◆ **Record extracts**:
--------------------------------------------------
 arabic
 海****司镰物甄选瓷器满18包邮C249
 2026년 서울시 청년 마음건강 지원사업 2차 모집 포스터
--------------------------------------------------
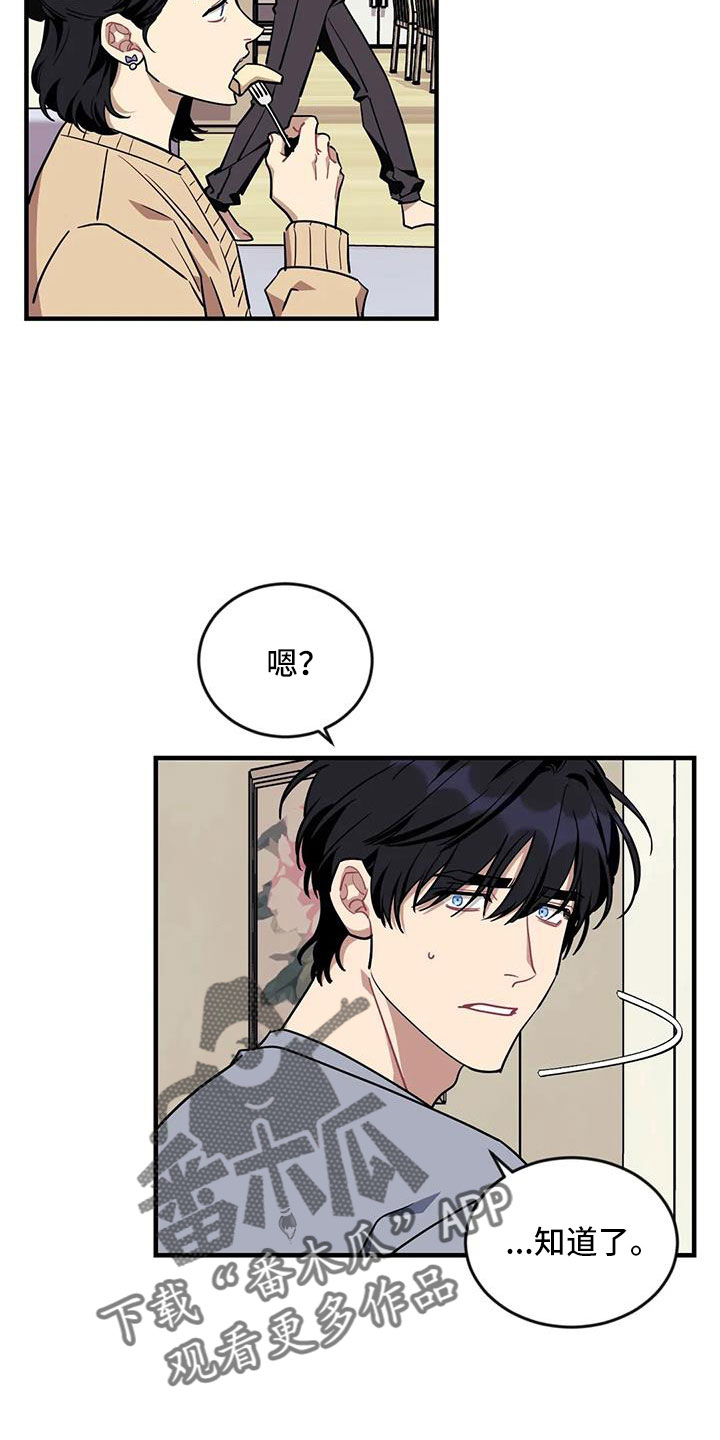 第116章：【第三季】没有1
--------------------------------------------------
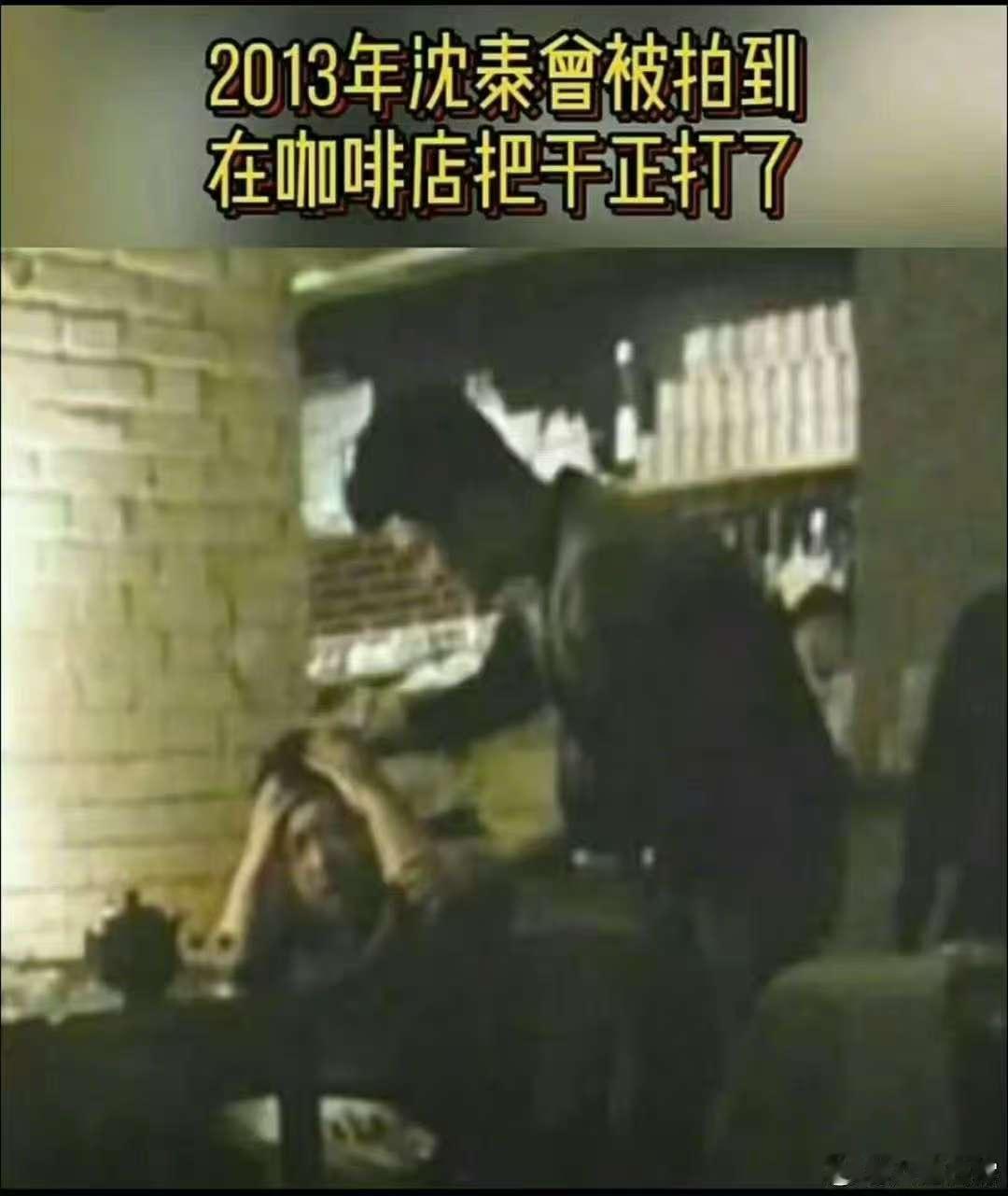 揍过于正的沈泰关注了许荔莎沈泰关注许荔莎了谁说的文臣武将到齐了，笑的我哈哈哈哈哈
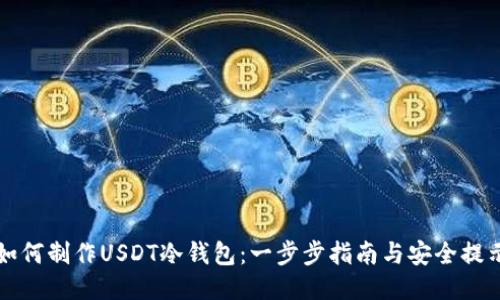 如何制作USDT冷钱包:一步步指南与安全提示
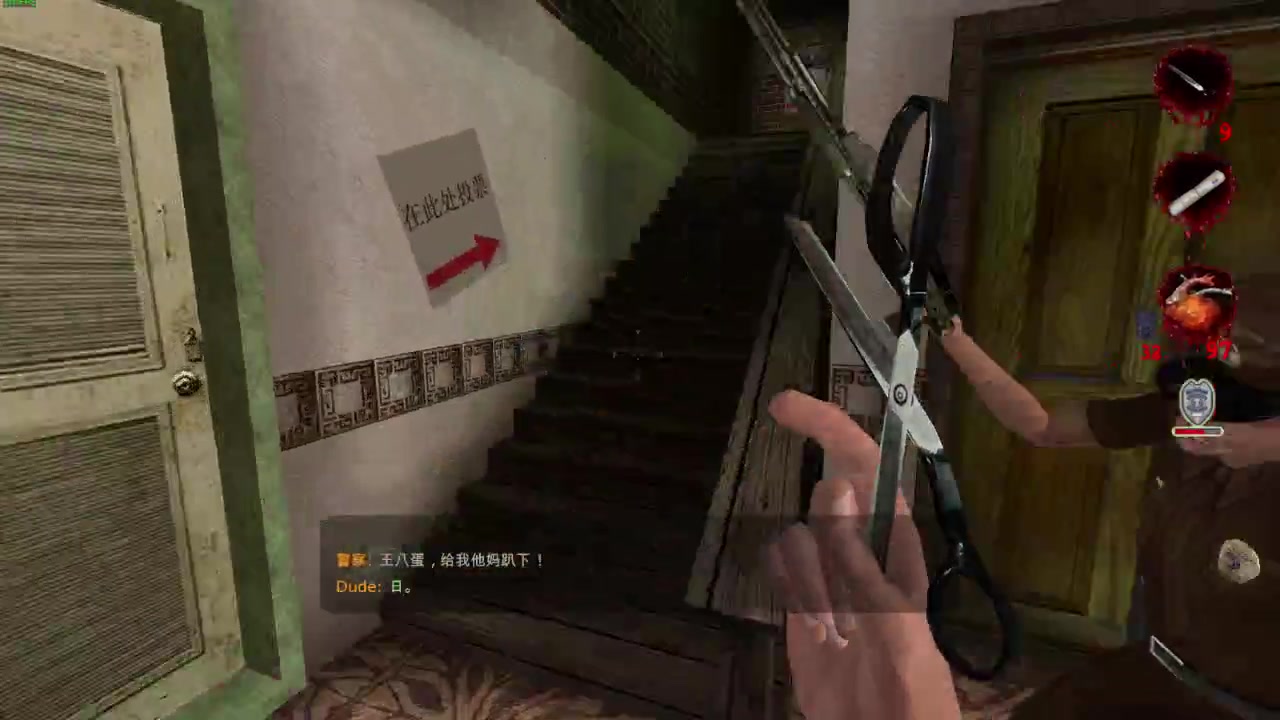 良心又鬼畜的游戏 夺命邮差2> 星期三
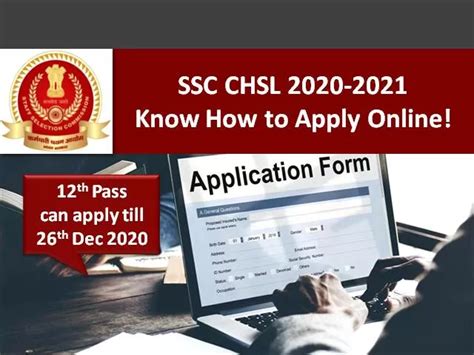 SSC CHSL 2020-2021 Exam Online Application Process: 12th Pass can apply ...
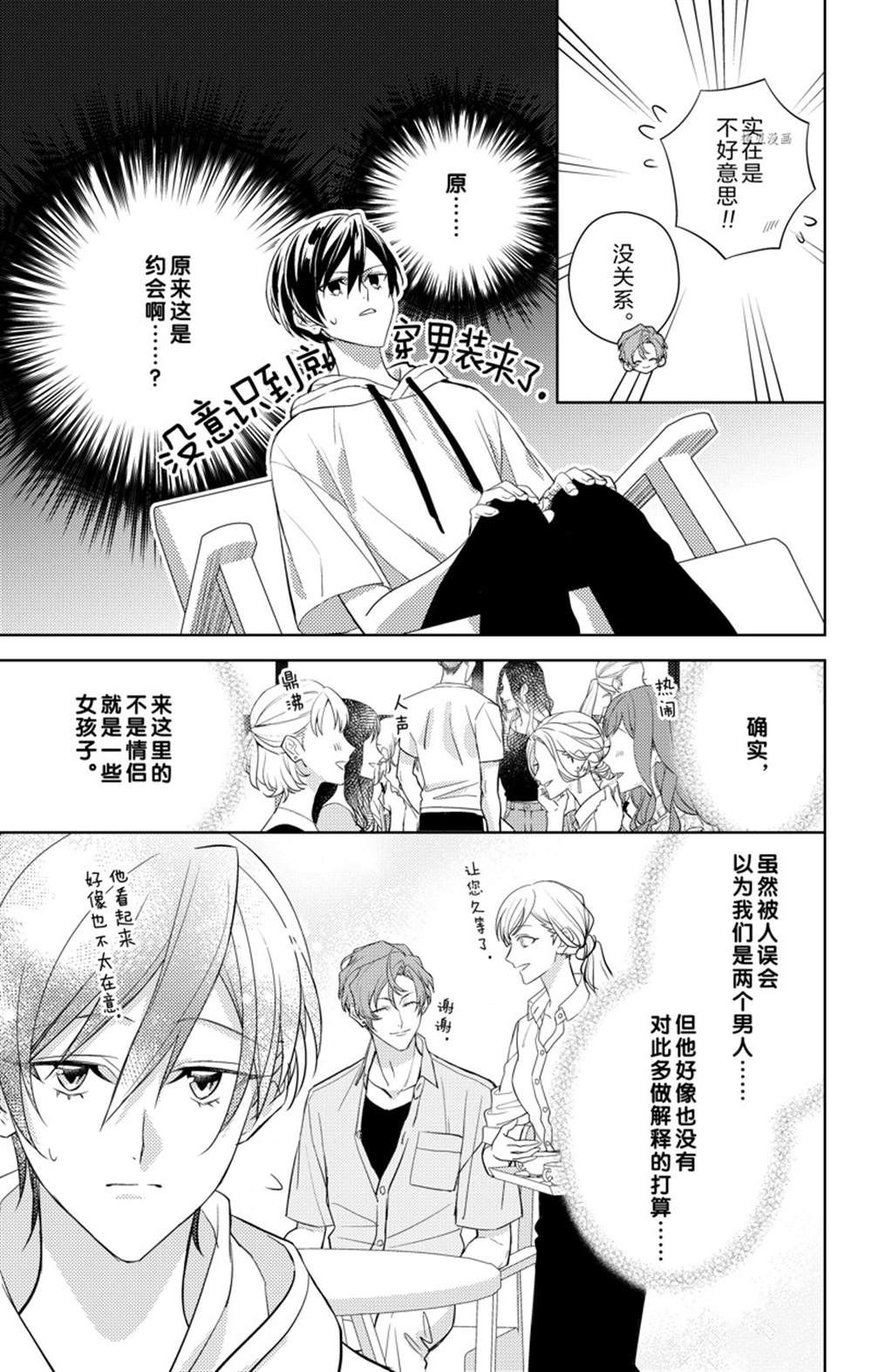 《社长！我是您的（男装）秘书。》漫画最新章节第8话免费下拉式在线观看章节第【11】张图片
--------------------------------------------------
◆ **How to complete this task**: Take the lines above from the one containing "海****司镰物甄选瓷器满18包邮C249" to the one containing "2026년 서울시 청년 마음건강 지원사업 2차 모집 포스터" and retype them exactly, both ends included, with nothing added.

◆ **Answer space**:
 海****司镰物甄选瓷器满18包邮C249
 2026년 서울시 청년 마음건강 지원사업 2차 모집 포스터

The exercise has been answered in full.